◆ **Exercise prompt**: Print the entries below exactly as they appear, from the first line up to and including the line with "Nike Heathered Purple". Do not print any pictures.

•••••

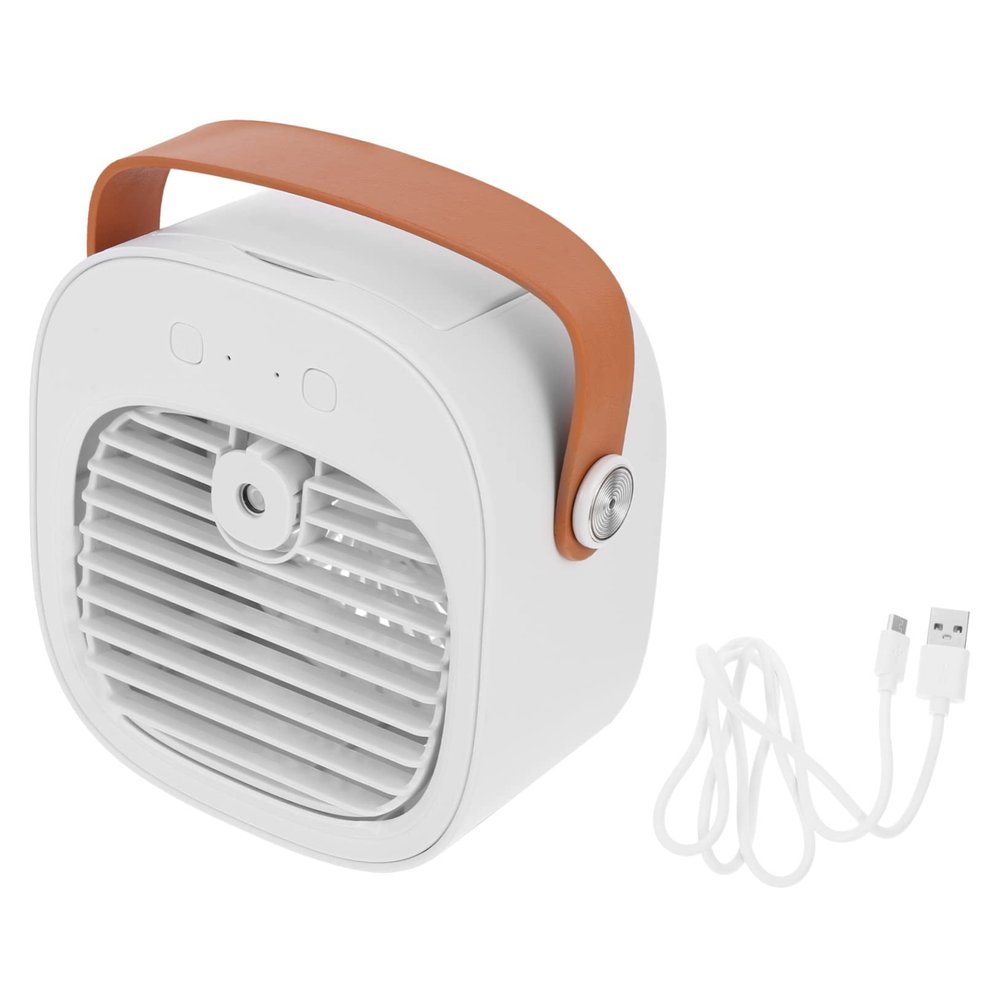 Alipis 1set Usb Rechargeable Table Cooling Fan Speeds Air Cooler for Office Home and Dorm Use Low-noise Design for Better Sleep and Comfort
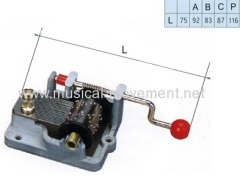 POLY MUSIC BOX HAND WOUND MUSICAL MOVEMENT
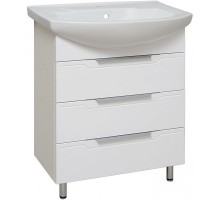 Тумба под раковину Runo Верона 65 00000001145 Белая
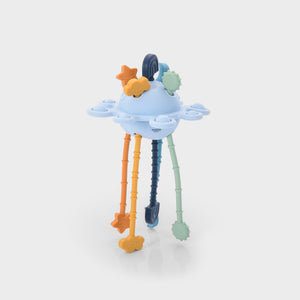 Silisoft Zip Pull Toy (Neutral)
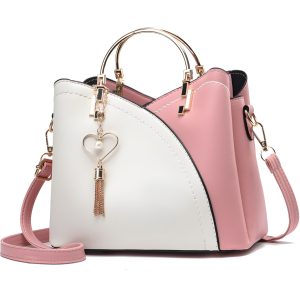 Geanta Eleganta Crossbody Femei, Piele, Design Versatil, Compartimente Multiple, Manere Metalice, Inchidere cu Fermoar si Magnet, Casual sau Office, A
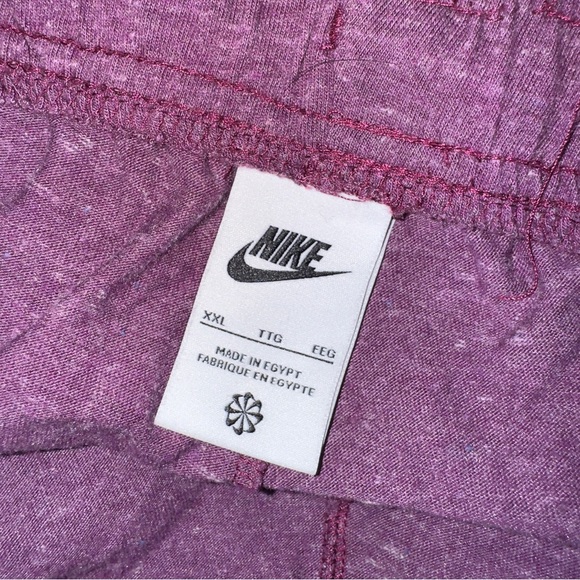 Nike Heathered Purple 3/4 leg Sweatpants Women’s Size 2X-Large - Picture 3 of 3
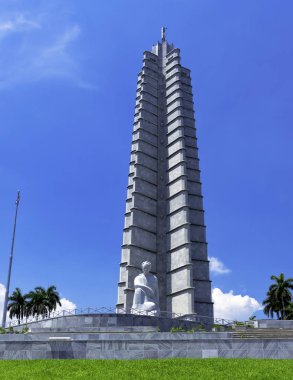Jos Mart anma - Devrim Meydanı (La Plaza de la Revolucin), Havana, Küba üzerinde 03 Haziran 2018
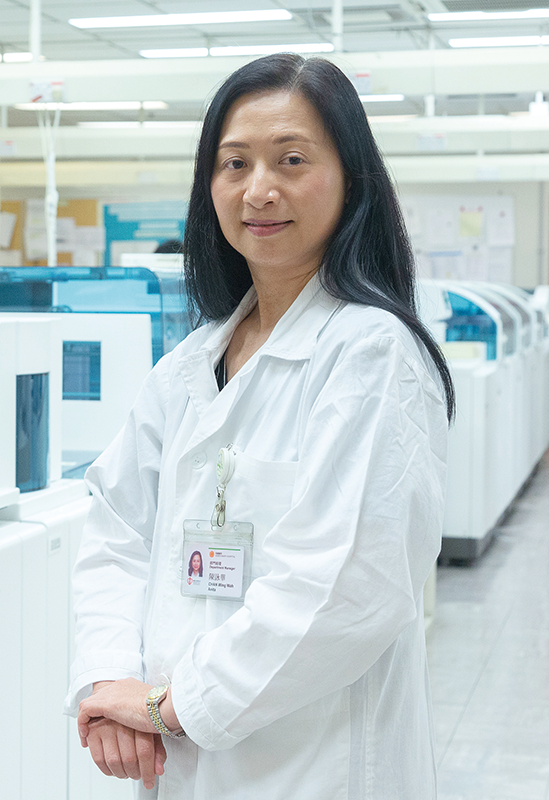Anita Chan says that a total of 5,000 samples are tested daily which is 10 times more than that of 20 years ago.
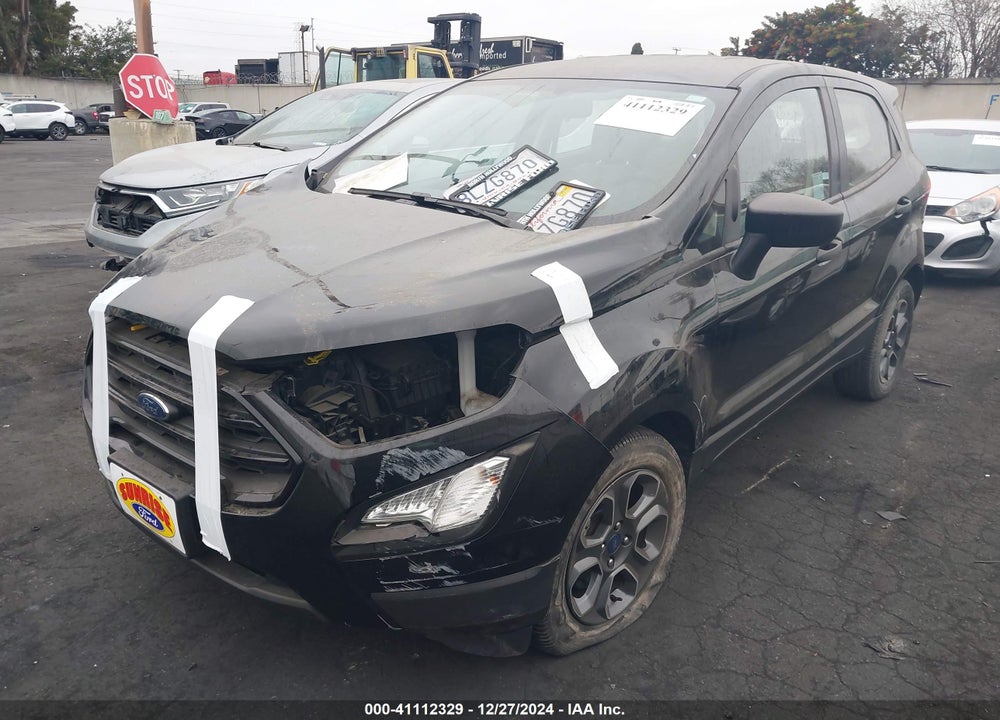 2019 FORD ECOSPORT S VIN: MAJ3S2FE6KC290838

•••••

◆ **Final answer**:
 Alipis 1set Usb Rechargeable Table Cooling Fan Speeds Air Cooler for Office Home and Dorm Use Low-noise Design for Better Sleep and Comfort
 POLY MUSIC BOX HAND WOUND MUSICAL MOVEMENT
 Тумба под раковину Runo Верона 65 00000001145 Белая
 Silisoft Zip Pull Toy (Neutral)
 Geanta Eleganta Crossbody Femei, Piele, Design Versatil, Compartimente Multiple, Manere Metalice, Inchidere cu Fermoar si Magnet, Casual sau Office, A
 Nike Heathered Purple 3/4 leg Sweatpants Women’s Size 2X-Large - Picture 3 of 3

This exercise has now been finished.